The agency directed constant monitoring of communication equipment of all vessels to maintain safety of life at sea, and to avoid disasters during the onslaught of Typhoon Rolly.
The Manila International Airport Authority (MIAA) announced a 24-hour closure of the Ninoy Aquino International Airport (NAIA) to all types of flight operations from 10:00 AM of November 1 to 10:00 AM of November 2.
MIAA said it had adopted pre-emptive measures to cushion, if not avoid, the adverse impact of typhoon Rolly to NAIA operations.
Ground handling companies were directed to ensure the safety of their ground equipment to prevent any damage to property and aircraft. The MIAA engineering was also instructed to inspect all billboard sites within the airport complex to inform owners to roll up all tarpauline ads and conduct necessary reinforcement of frames to avoid accidents caused by falling billboards. Pruning of trees at parking lots and roads around the airport complex has been done.
Once NAIA reopens on November 2, priority will be given to scheduled flights on the same day. Flights affected by the 24-hour closure will be slotted in a way that would cause minimal delay in the passengers’ travel plans.
MIAA general manager Ed Monreal ordered the operations team to lift the scheduled runway maintenance closure for November 2 to enable recovery flights to come in.
Airline ground handling agents were reminded to implement maximum deployment of personnel both inside the terminals and at the ramp and ensure availability of enough ground equipment once flight operations resume.
All passengers with scheduled flights to and from Clark International Airport from November 1-2, 2020, meanwhile, were advised to coordinate with their airlines prior to proceeding to the airport for any possible flight delay or cancellation.

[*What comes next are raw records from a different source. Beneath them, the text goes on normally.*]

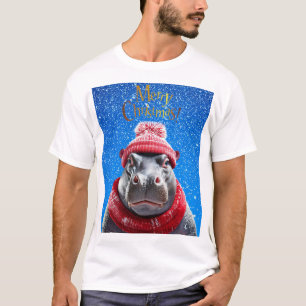 メリークリスマスヒッポサンタハットとスカーフ Tシャツ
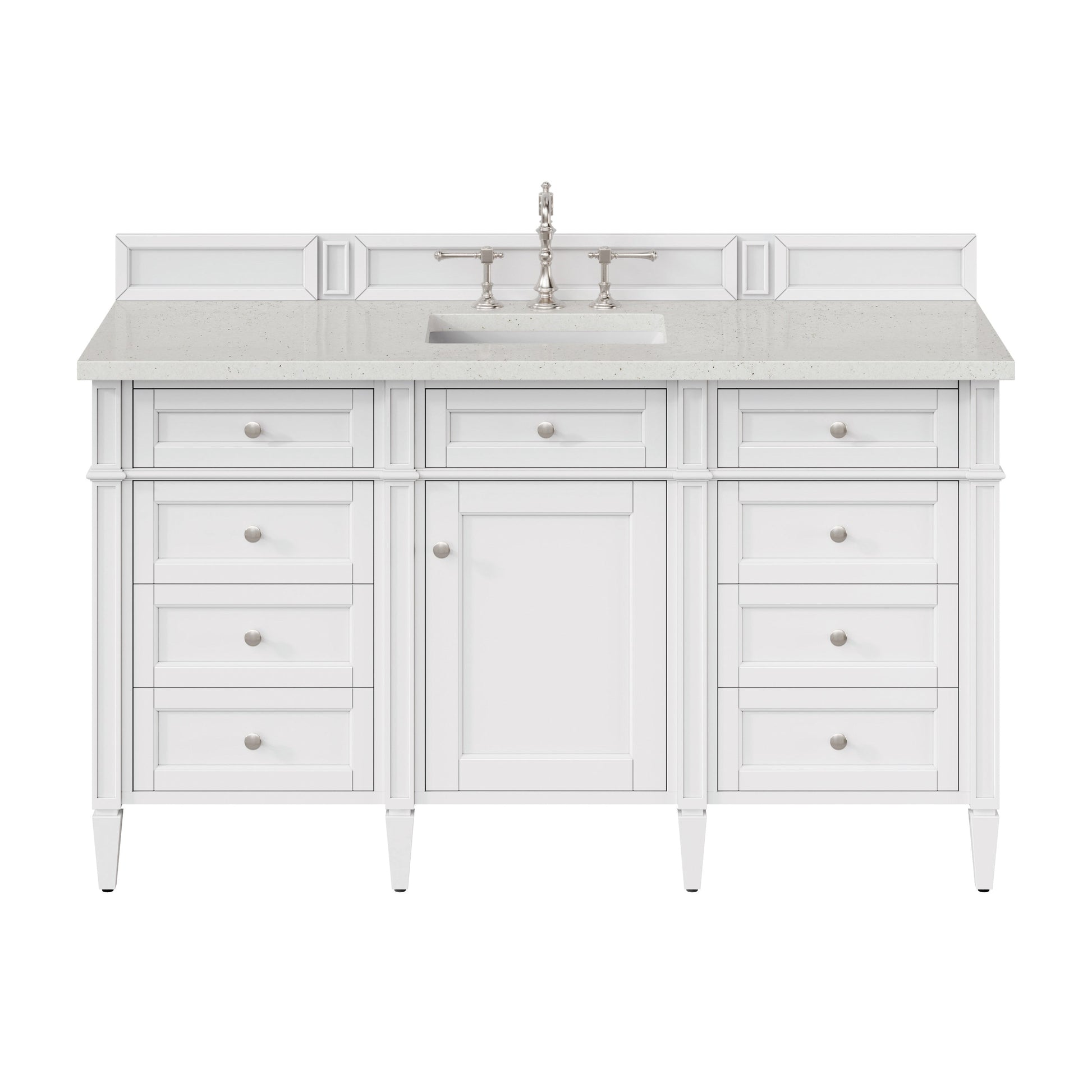 James Martin Vanities Brittany 60" Bright White Single Vanity With 3 cm Lime Delight Quartz Top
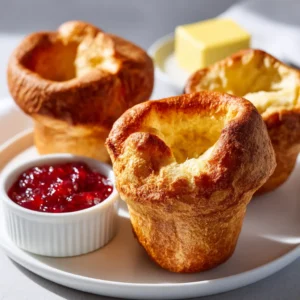 Three golden-brown popovers fresh from the oven, showcasing their light and airy texture.
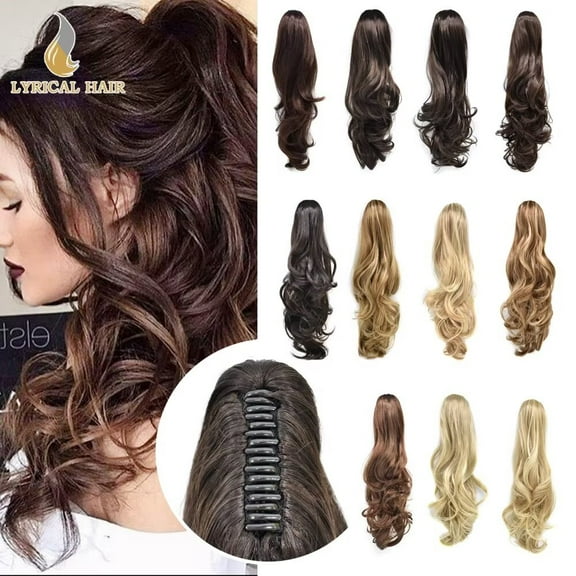 Jaw Claw Ponytail Thick Clip In Ponytails Hair Piece Hair Extension As Human Hair 1# Jet Black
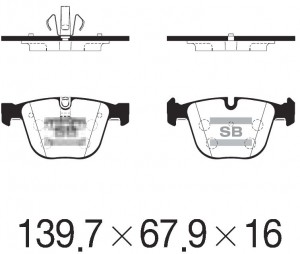 Колодки задние MINI (R56-R59) SP2246 SP2246 SANGSIN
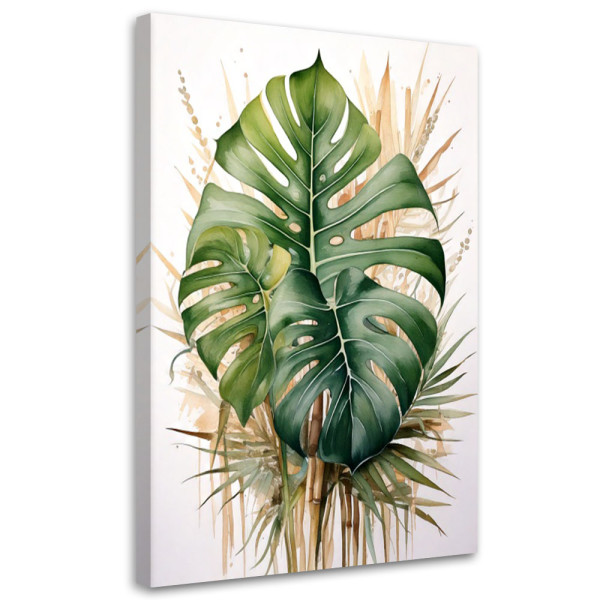 Feeby Obraz nowoczesny, Monstera Liście Botanika 70x100 777669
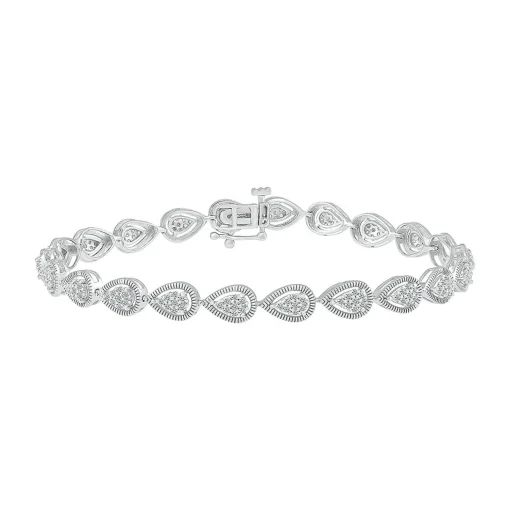 Pear-Shaped Diamond Bracelet In 10K White Gold (1 Ct. Tw.)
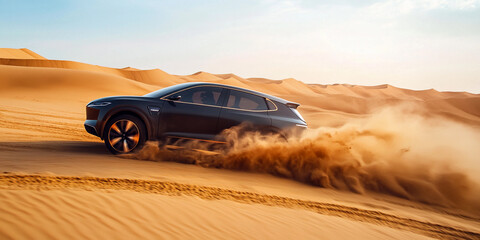 Modern electric vehicle navigating sandy desert landscape
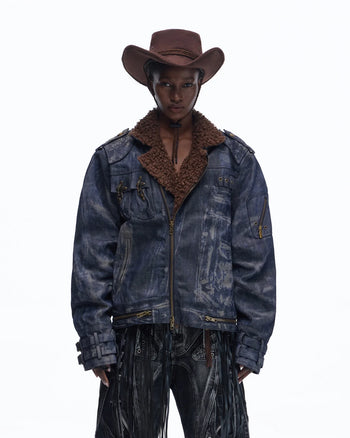 Personsoul Sherpa Lined Raw Denim Jacket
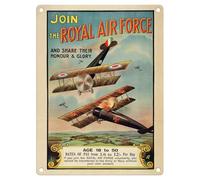 Metal Sign - Official Imperial War Museum (Join The Royal Air Force, 15 x 20 cm)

Super typhoon Rolly made landfall in Catanduanes in the early morning of November 1 and made a second landfall in Tiwi, Albay.
After traversing the southern portion of Catanduanes, PAG-ASA said the center of the typhoon will cross Lagonoy Gulf and make landfall over the southern portion of Camarines Sur or the northern portion of Albay this morning (Nov 1).
Afterwards, the center will cross the Camarines Provinces before heading towards Calabarzon this afternoon.
Super typhoon Rolly is forecast to exit the mainland Luzon landmass and emerge over the Philippine Sea early morning on November 2.